Work to be completed
Begin at the line with "Appartamento 1.5 arredato" and output every line through the end of the records, exactly as given. Omit pictures.

Data section
Segment Open
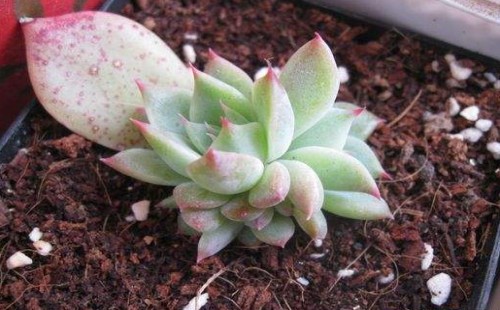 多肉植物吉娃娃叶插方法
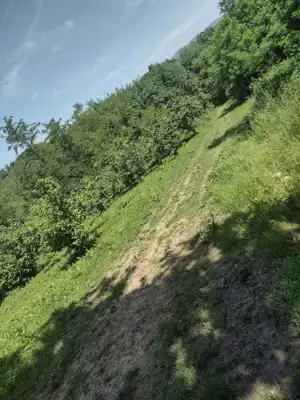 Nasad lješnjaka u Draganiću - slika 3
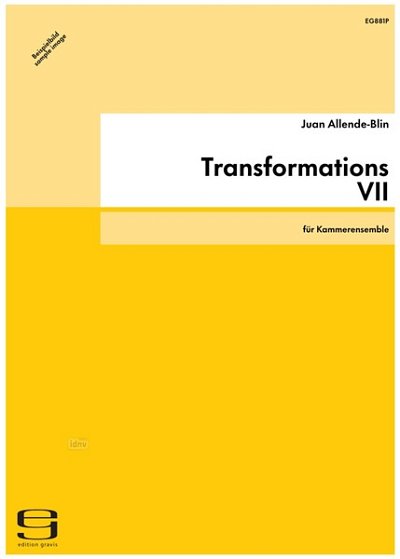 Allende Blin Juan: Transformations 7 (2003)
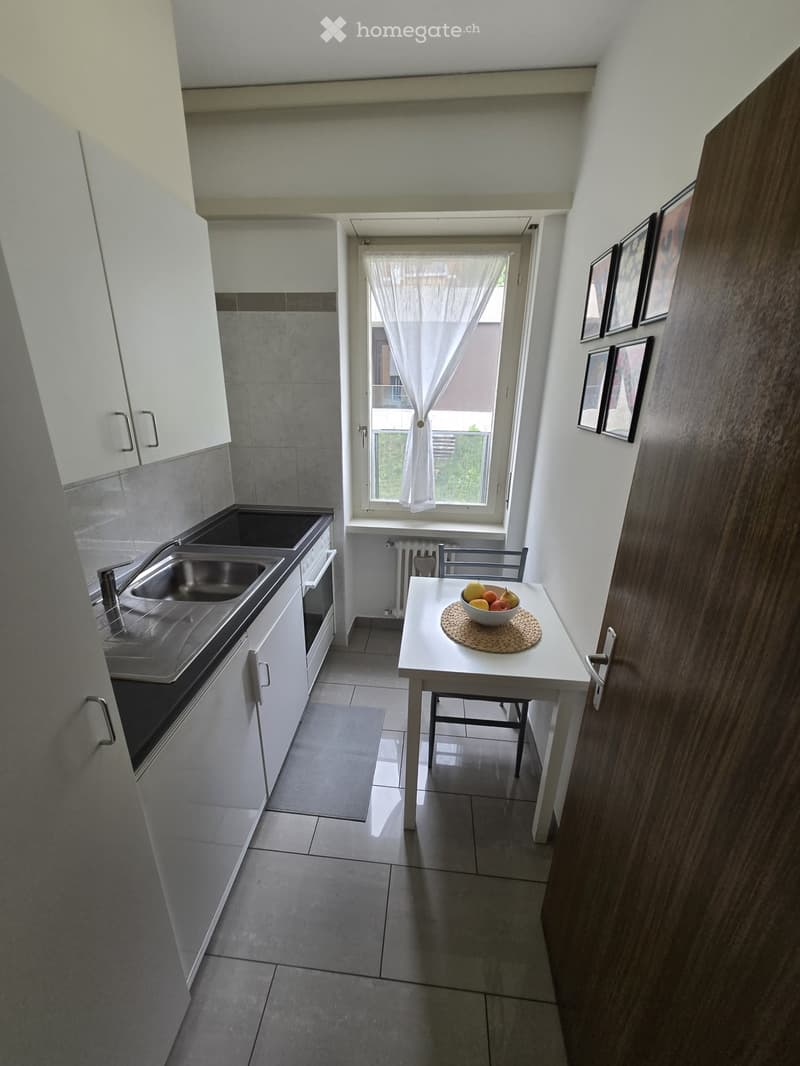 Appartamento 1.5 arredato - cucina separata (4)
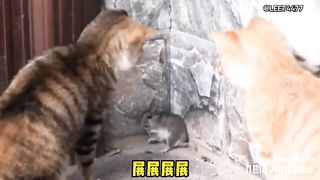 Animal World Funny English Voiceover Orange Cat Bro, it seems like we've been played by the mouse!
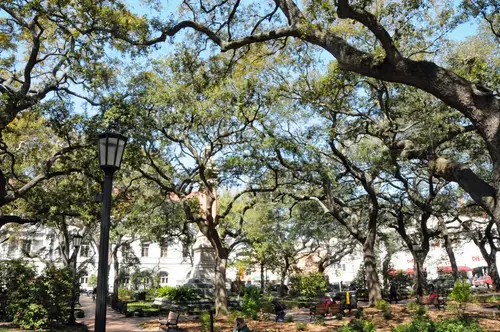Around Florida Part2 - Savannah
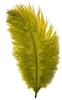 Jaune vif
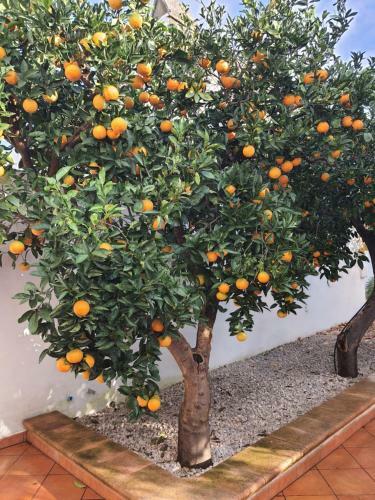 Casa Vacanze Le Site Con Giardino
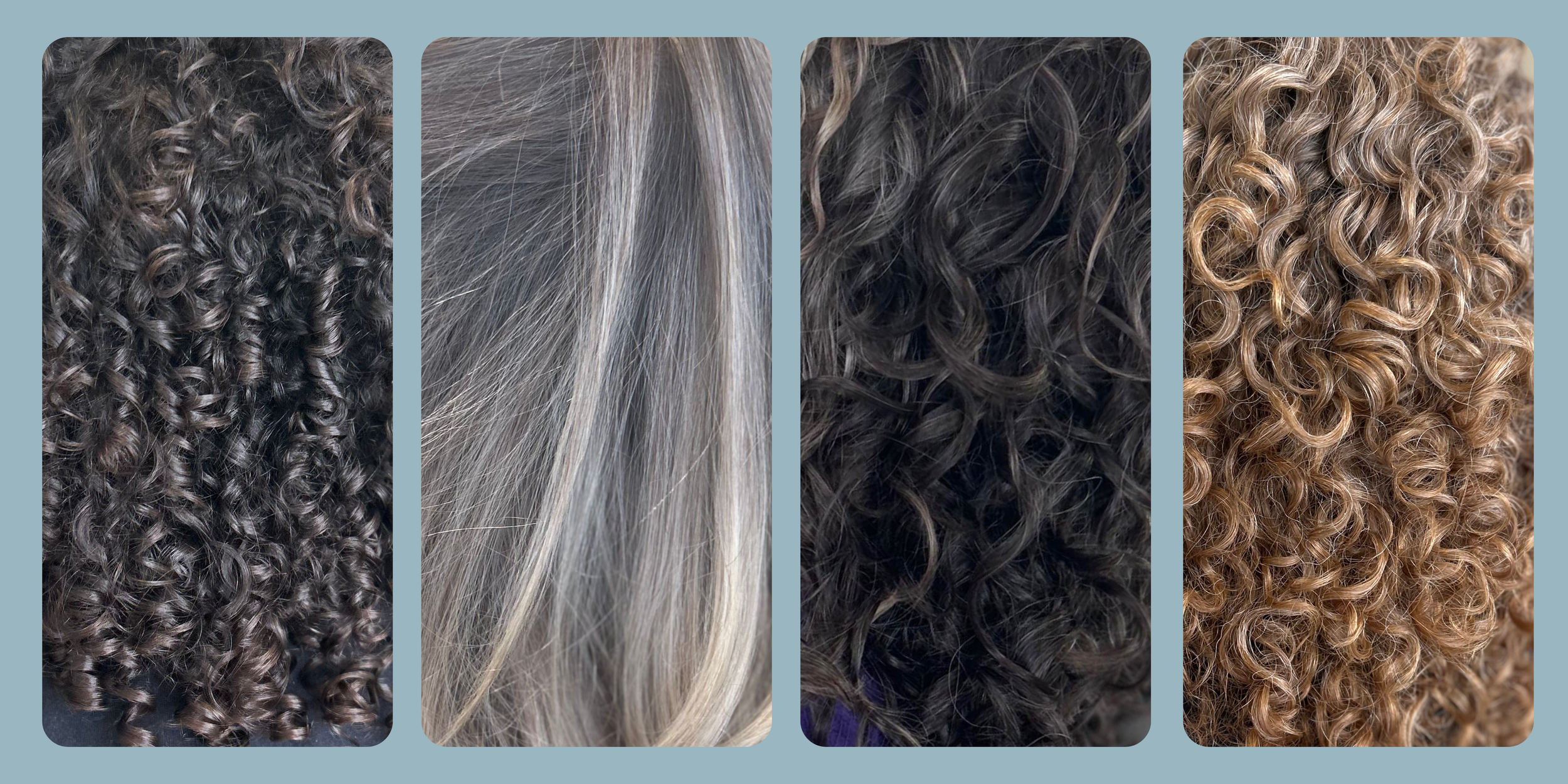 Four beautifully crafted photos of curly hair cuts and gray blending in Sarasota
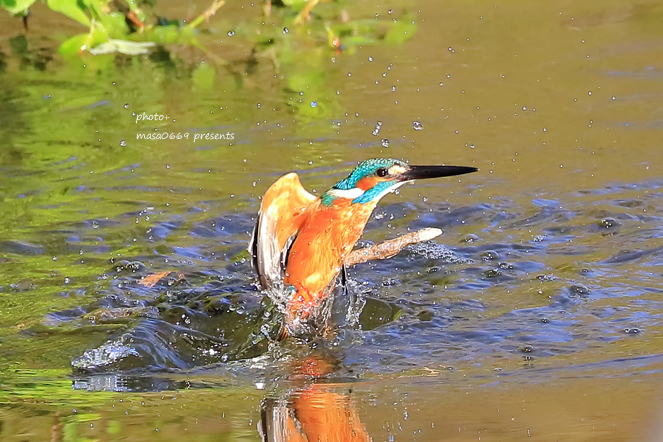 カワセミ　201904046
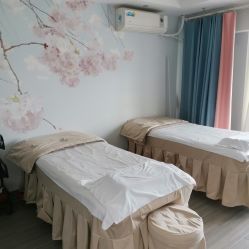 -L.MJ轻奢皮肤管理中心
Segment Closed
Solution to this exercise
 Appartamento 1.5 arredato - cucina separata (4)
 Animal World Funny English Voiceover Orange Cat Bro, it seems like we've been played by the mouse!
Around Florida Part2 - Savannah
 Jaune vif
 Casa Vacanze Le Site Con Giardino
 Four beautifully crafted photos of curly hair cuts and gray blending in Sarasota
 カワセミ　201904046
 -L.MJ轻奢皮肤管理中心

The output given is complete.